Mezkur maddeden anlaşıldığı üzere kişisel verilerin korunmasına ilişkin esas ve usulleri düzenleyen bir kanun ihdas etme gerekliliği ortaya çıkmıştır. Bunun ve GDPR düzenlemesi sonucu olarak 7 Nisan 2016 tarihli ve 6698 sayılı Kanun ile kişisel verilerin korunmasına ilişkin esas ve usuller düzenlemiştir.

Kanun’un ‘Kapsam’ başlıklı 2. maddesi “Bu Kanun hükümleri, kişisel verileri işlenen gerçek kişiler ile bu verileri tamamen veya kısmen otomatik olan ya da herhangi bir veri kayıt sisteminin parçası olmak kaydıyla otomatik olmayan yollarla işleyen gerçek ve tüzel kişiler hakkında uygulanır.” şeklinde düzenlenmiştir.

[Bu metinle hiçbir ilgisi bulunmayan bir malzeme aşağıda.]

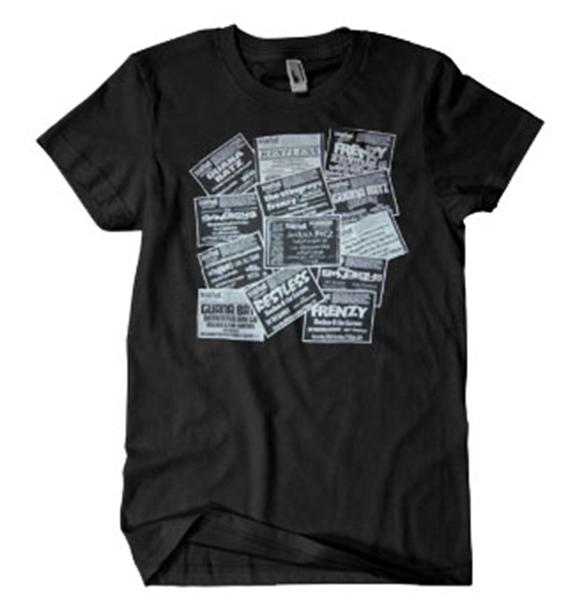 Klub Foot T-Shirt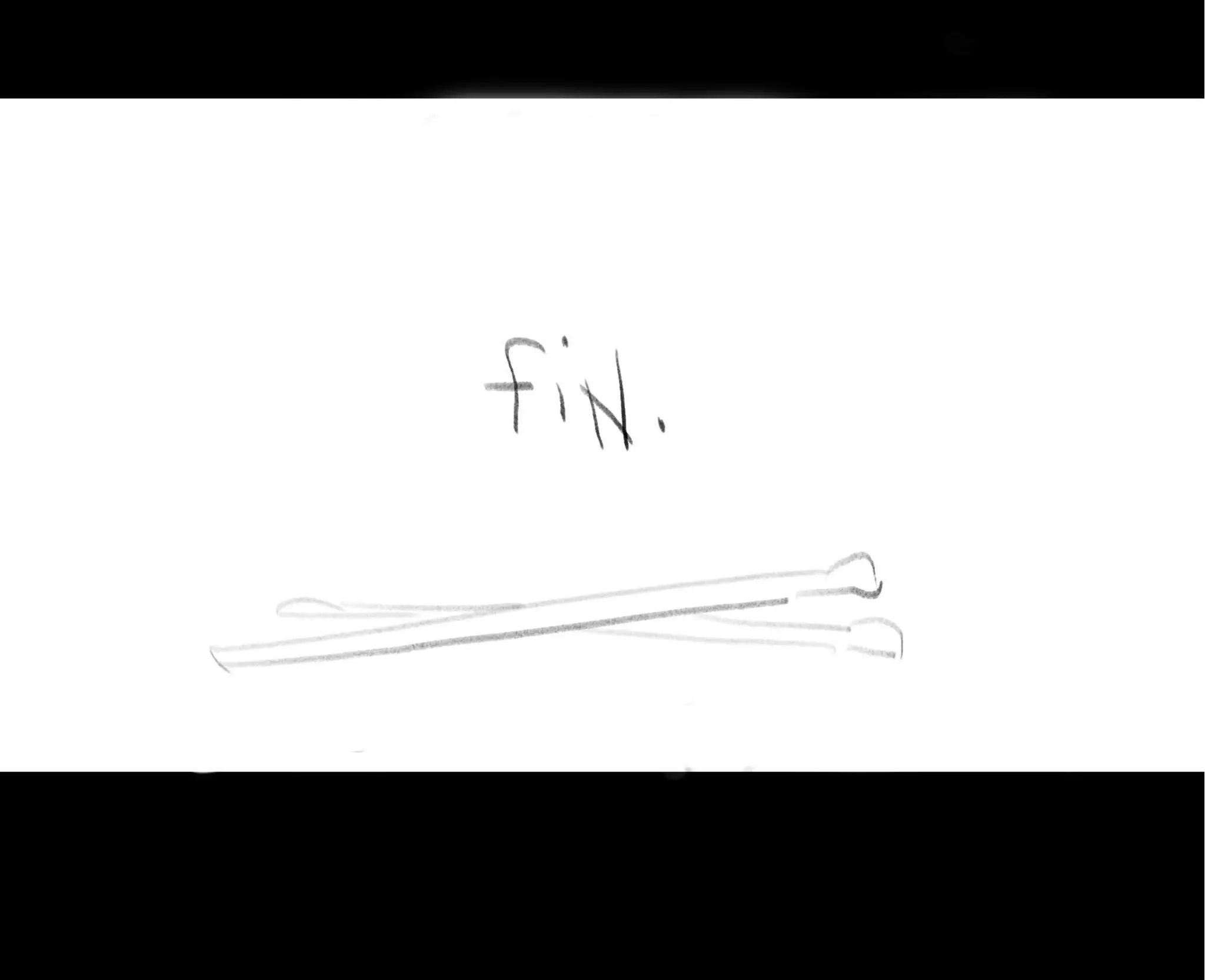 "Talent Show" - Storyboarding Sequence, Comedy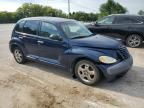 2001 Chrysler PT Cruiser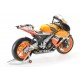 Honda RC211V Moto GP World Champion 2006 Nicky Hayden Minichamps 122061169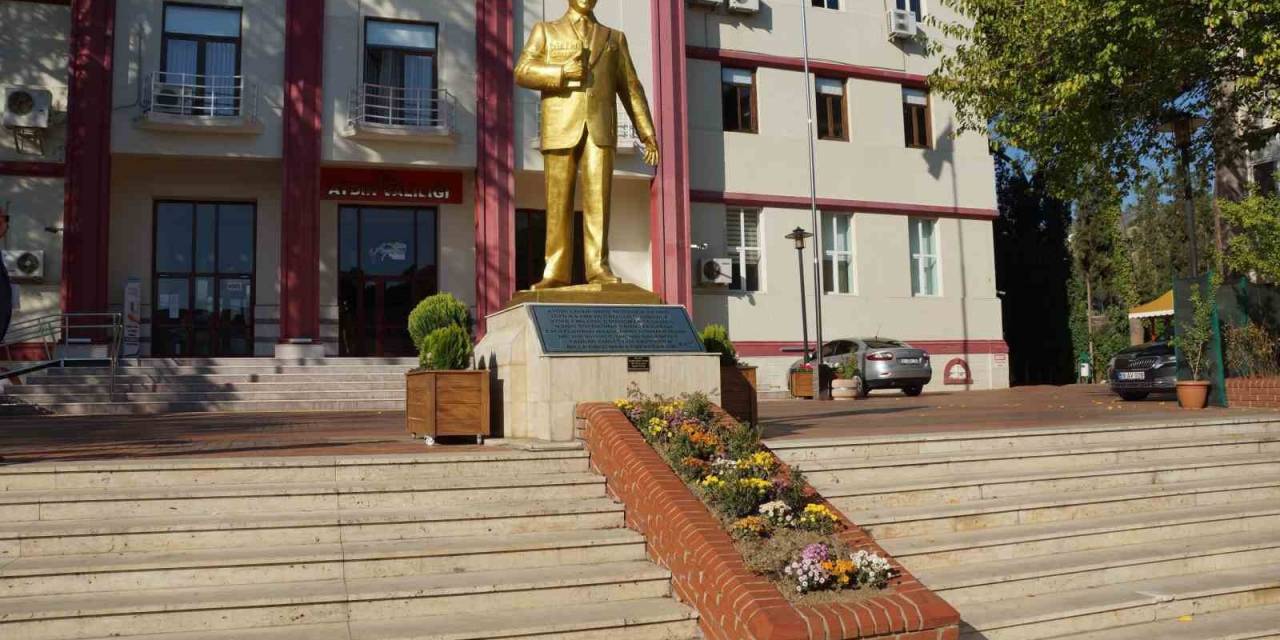 Aydın’da Seçimde 5 Bin Kolluk Kuvveti Görev Yapacak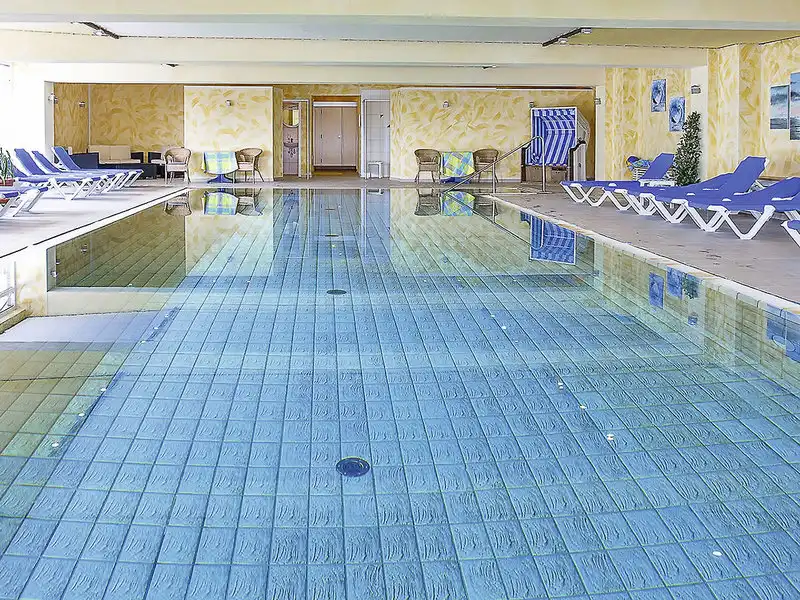 Aufnahme - Top Nordseehotel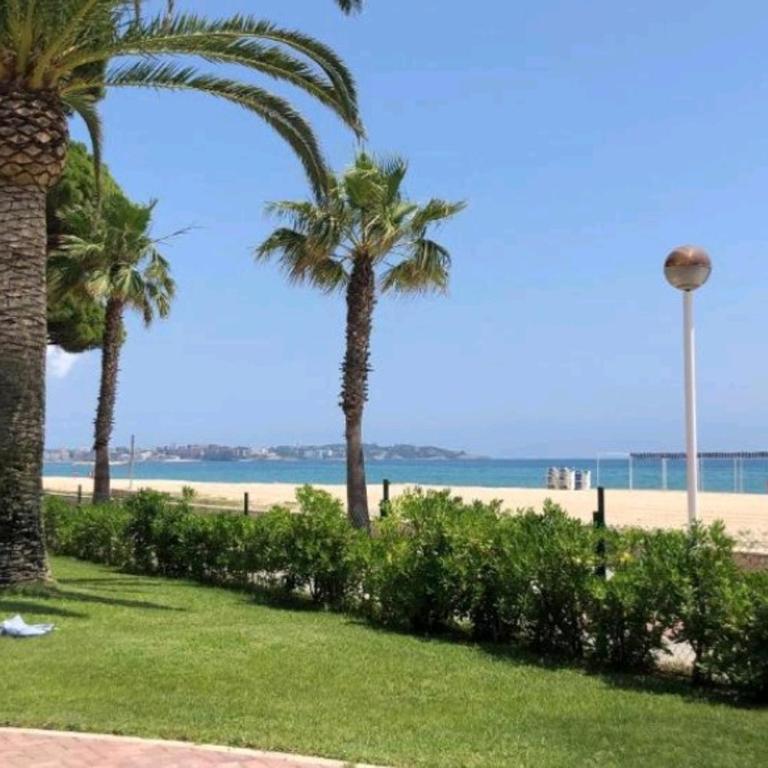 Vilafortuny Cambrils A PIE DE PLAYA CON PISCINA - Apartamento de 2 dormitorios - 5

Kanun’un 3. maddesine göre Kişisel Veri “Kimliği belirli ya da belirlenebilir gerçek kişiye ilişkin her türlü bilgi”yi ifade etmektedir. Bu durumda kanun kapsamında korunan veriler yalnızca gerçek kişilere ait kişisel veriler olup, tüzel kişilere ait verilere yönelik bu kanunla getirilmiş bir korumadan bahsedilmemektedir. Ancak kanun koyucu veri sorumlusunu, kişisel verilerin işleme amaçlarını ve vasıtalarını belirleyen, veri kayıt sisteminin kurulmasından ve yönetilmesinden sorumlu olan gerçek veya tüzel kişi olarak tanımlayarak kanun kapsamında veri sorumlusu sıfatına sahip olabilecek gerçek ve tüzel kişilerin her ikisine de sorumluluk yüklemektedir. Aynı maddeye göre kişisel verilerin işlenmesi, “Kişisel verilerin tamamen veya kısmen otomatik olan ya da herhangi bir veri kayıt sisteminin parçası olmak kaydıyla otomatik olmayan yollarla elde edilmesi, kaydedilmesi, depolanması, muhafaza edilmesi, değiştirilmesi, yeniden düzenlenmesi, açıklanması, aktarılması, devralınması, elde edilebilir hâle getirilmesi, sınıflandırılması ya da kullanılmasının engellenmesi gibi veriler üzerinde gerçekleştirilen her türlü işlemi” ifade etmektedir ancak veri işleme çeşitleri bahsi geçen maddede sayılanlarla sınırlı değildir.  Kanun’un 2. maddesinde, kişisel verilerin kısmen veya tamamen otomatik olarak yani bilgisayar vb. ortamlarda işlenebileceği gibi otomatik olmayan şekilde de işlenebileceğine fakat otomatik olmayan yollarla işlenmesi durumunda kanun kapsamında değerlendirilebilmesi için bir veri kayıt sisteminin parçası olunması şartına yer verilmiştir.

Veri kayıt sistemi, Kanun’un 3/h bendinde kişisel verilerin belirli kriterlere göre yapılandırılarak işlendiği kayıt sistemi olarak tanımlanmıştır. Bu durumda, örneğin bir işyerindeki çalışanların kimlik bilgileri, eğitim durumları, ikamet bilgileri gibi belirli kriterlere göre yapılandırılmış verilerden oluşan bir sistem, veri kayıt sistemi olarak adlandırılabilirken, bir gerçek kişinin diğer bir gerçek kişinin adresini bir kağıda geçici olarak yazması halinde böyle bir sistemin varlığından söz edilemez.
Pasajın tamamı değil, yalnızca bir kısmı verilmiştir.